9 Replies Latest reply on Feb 5, 2010 10:11 AM by gaurav.garg

    Different device types in a single context

    _Big_Mac_
      Why is this a bad idea?

      In Dominik Bohr's slides here http://gpgpu.org/wp/wp-content/uploads/2009/09/C1-OpenCL-API.pdf on page 6 we read

      "You may mix different device types in a context. Not
      necessarily a good idea though."

      Why is this not necessarily a good idea? Why not have one context per platform that encompasses all device types?  Is this something specific to AMD's implementation at the time of writing or is it something more general that's likely to apply to all OpenCL implementations?

      If we have a CPU and a GPU plus a single buffer and we want to process it on both devices for some reason, is it better to have both devices in a common context and let OpenCL replicate the buffer or should we have two contexts and manually sync and copy data?

        • Different device types in a single context
          nou

          pracitcaly you need at last one core dedicated to GPU to keep it feed up with data. on nVidia you need one core per GPU because they use spinlock. so when you use CPU you may face decreesing performance.

          secondly you must provide load balancing between them.

            • Different device types in a single context
              _Big_Mac_

              I don't think that really answers the question. You can use nonblocking copying and feed data to many GPUs in a single thread. You could also use many host threads with a single context - copying buffers is done at command-queue granularity, not context granularity, so as long as you have 1 device : 1 command-queue : 1 host thread you should be golden. That's beside the point anyway, the question is why mixing device types is considered "not necessarily a good idea". Apparently there's nothing wrong with having many devices of the same type in a single context.
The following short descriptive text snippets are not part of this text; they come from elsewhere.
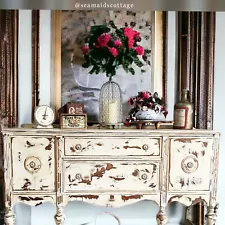 Antique Buffet! Gorgeous French Farmhouse Painted Cottage, Country,Sideboard!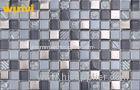 Low Water Aborption Glass And Metal Mosaic Tile Pattern for Kitchen Dec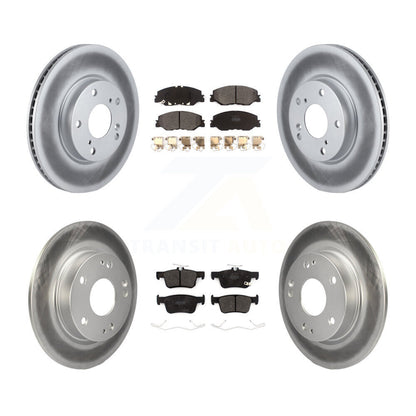 [Avant + Arrière] Kit de disque (revêtu) et plaquette (semi-métallique) de frein pour 2019-2022 Honda Insight KGF-102189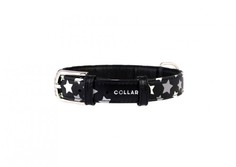 Ошейник для собак Collar с узором Звёздочка 12 мм Черный длина 19-25 см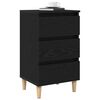 vidaXL Cabinet de chevet Ch&ecirc;ne noir 40 x 35 x 69 cm Bois d'ing&eacute;nierie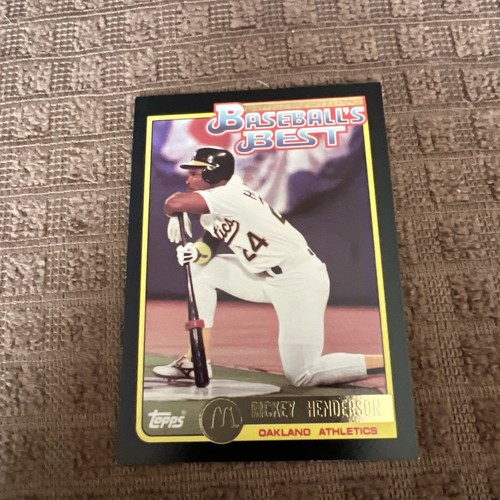 1992 Topps McDonald's Limited Edition Baseball's Best #3 Rickey Henderson HOF - Picture 2 of 3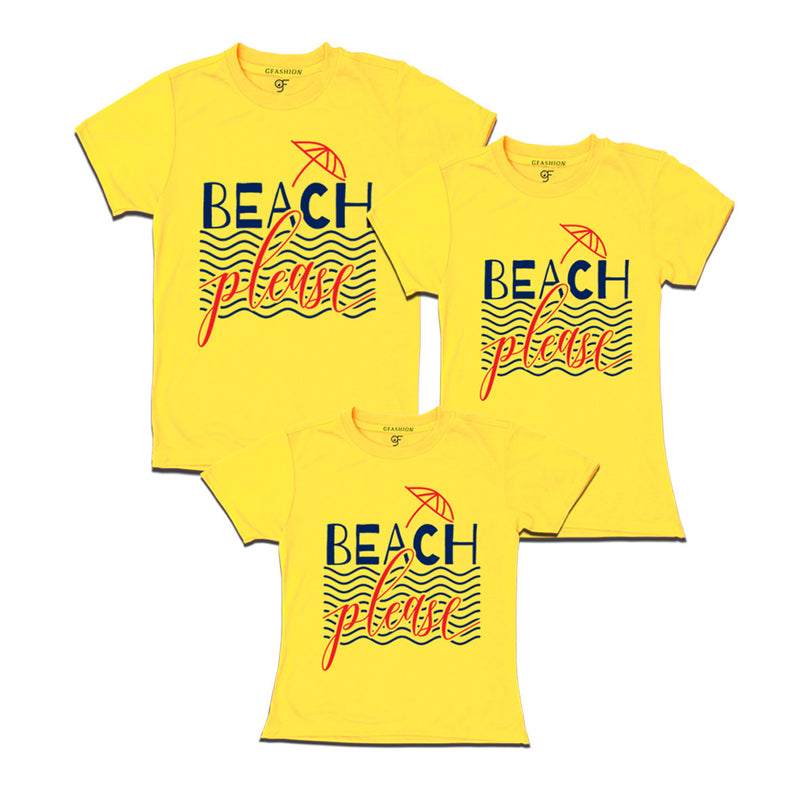beach please tees for dad mom daughter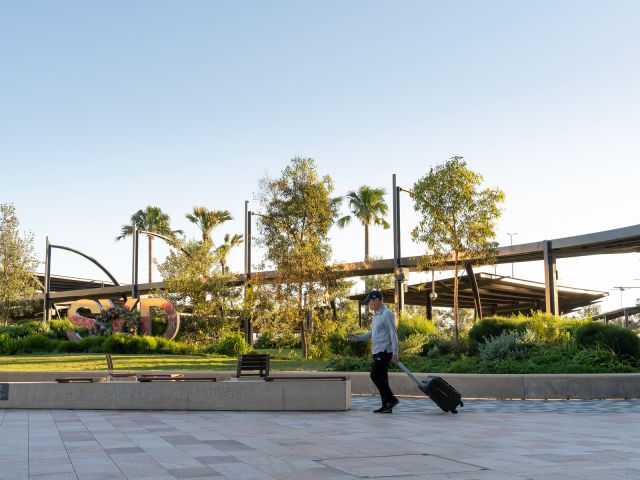 Exterior of T1 Sydney Airport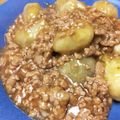 nudist's cooksnap of when they made 里芋のそぼろあんかけ.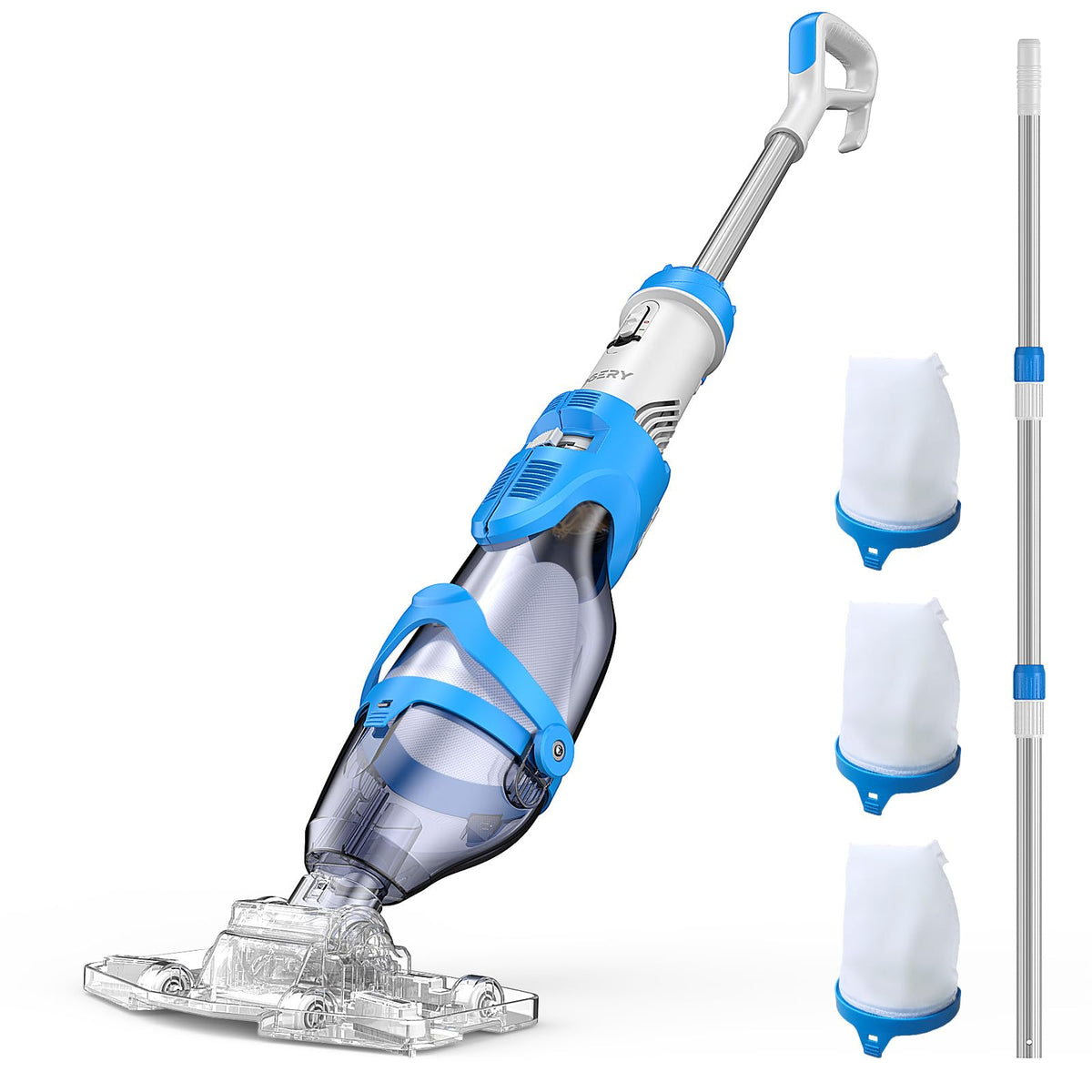 OGERY pool vacuum for above ground pool cordless handheld design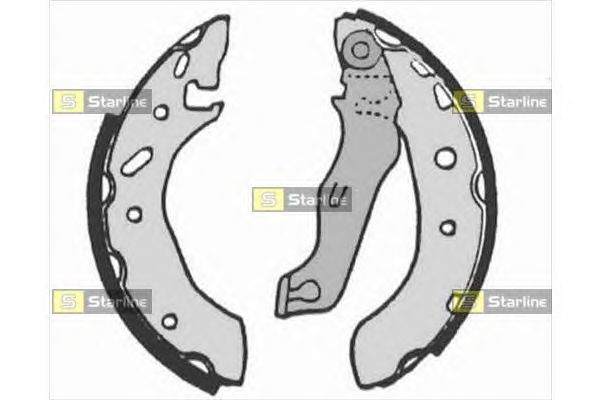 Тормозные колодки STARLINE BC 07175
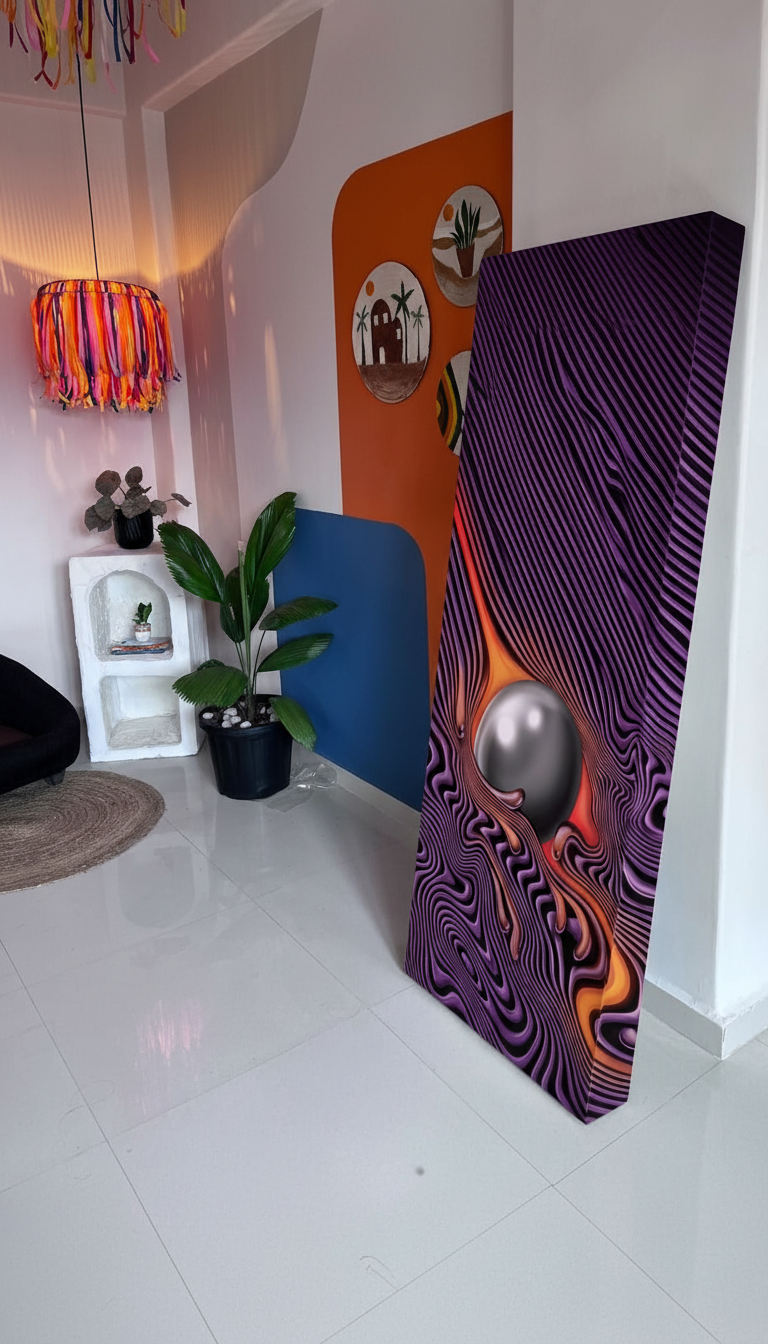 AYNA -  Wall Mirror With Tame Impala Inspired Frame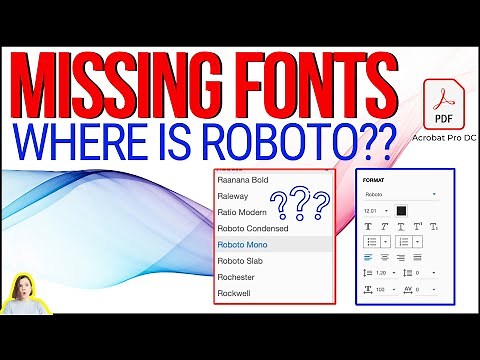 Find and Add Missing Fonts to PDF || Add Fonts to Adobe Acrobat Pro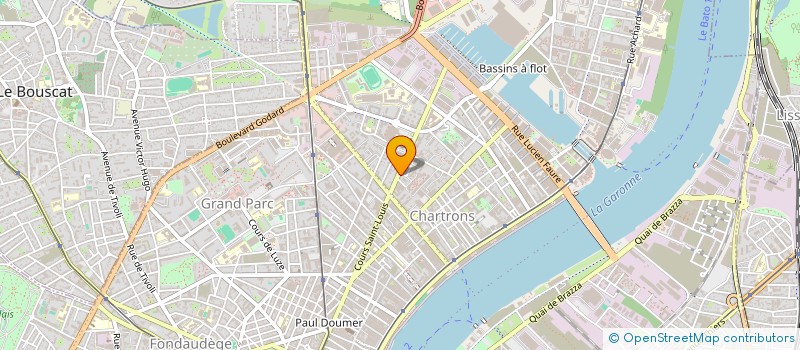 localisation de l'entreprise MONSIEUR VICTOR MOULIN  BORDEAUX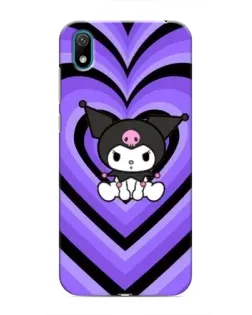 Чехол для Huawei Y5 2019 с картинкой «Kuromi и фиолетовые сердца»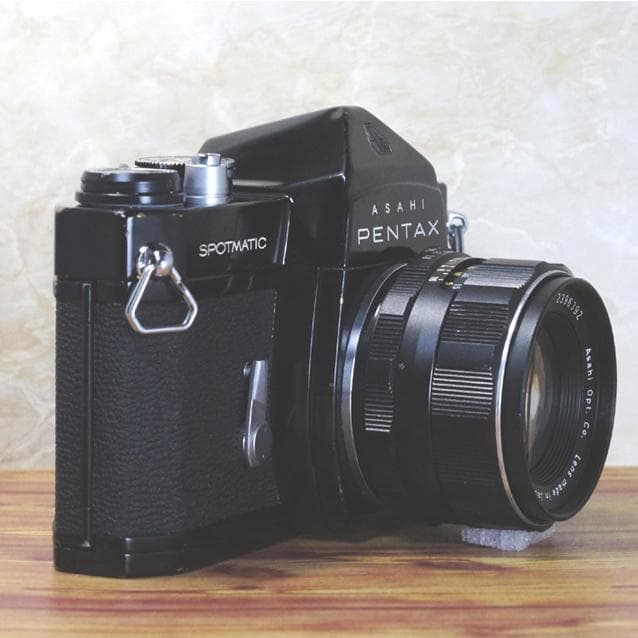 整備済完動品 ペンタックスSP黒＋Super Takumar 55mm f1.8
                • Different device types in a single context
                  nou

                  yes you can use CPU+GPU device. but it can lead to worse performance that only GPU is used. thats is why i think it is "not necessarily a good idea".

                    • Different device types in a single context
                      _Big_Mac_

                      Some algorithms may work faster on a CPU. This is still beside the point - why would having a shared context make anything worse? If you design your algorithm such that it made frequent memcopies between CPU and GPU this might cost you, sure. But it's a question of algorithm design, not why a certain API solution would be a bad idea.

                       

                      Or in other words, if you came to the conclusion that GPU+CPU is indeed the best idea for a given problem, would it be better to still have both in separate contexts or a single one?

                        • Different device types in a single context
                          nou

                          not necessarily a good idea == not always a good idea.

                          ok?

                            • Different device types in a single context
                              _Big_Mac_

                              I still don't understand why

                               

                              I mean sure, designing an algorithm that uses multiple device types is not necessarily a good idea. But we're not talking about algorithm design, we're talking about the API.

                              So if I decide to use only one device but have a context that spans several device types - will I suffer some kind of penalty? Or if I decide to use several device types (for example I have to because no single device supports all the extensions I need for all the processing), will I be better of having separate contexts? See, how I design my app is orthogonal to why one way of setting contexts is a better idea than the other. Having everything in a single context has its merits, ex. OpenCL can move a shared buffer around without the need to explicitly block the host thread and synchronize things, as long as I juggle the events properly. What are the problems that might ensue, that have been signaled in the slides yet not explained?

                                • Different device types in a single context
                                  gaurav.garg

                                  I see it as a warning to developer that this feature might cause performance overhead.

                                  e.g. take a case where you allocate CL buffer with a context associated with multiple devices (let say CPU + GPU). Now, this CL buffer is exposed to developer as a part of shared memory pool. But, interally OpenCL driver might create two copies of the same buffer on CPU & GPU. And everytime you run a kernel either on CPU or GPU, driver has to copy this modified buffer to GPU or CPU respectively. Of course, If the buffer is created with USE_HOST_PTR or ALLOC_HOST_PTR flags, driver don't have to do all these implicit copies and this buffer will actually be part of shared memory pool.

                                  All this is just a guess, I haven't experimented with shared memory pool myself.

                                    • Different device types in a single context
                                      _Big_Mac_

                                      Wouldn't the driver copy a shared buffer only when it's needed? Ex, when I launch 1000 kernels on the GPU and then 100 on a CPU I'd get only one memcopy in between, when the buffer really actually needs to switch devices, instead of 1100?

                                        • Different device types in a single context
                                          gaurav.garg

                                          Yes, I think it should be that way only. OPenCL implementation should check dirty flag on the buffer before copying.

                                          That's why I said I see this statement as a warning to developer in case they don't know what is happening at driver level.

                                          So, using shared memory pool is similar to managing all the memory sharing yourself. But, in earlier case lots of things are dependent on driver implementation.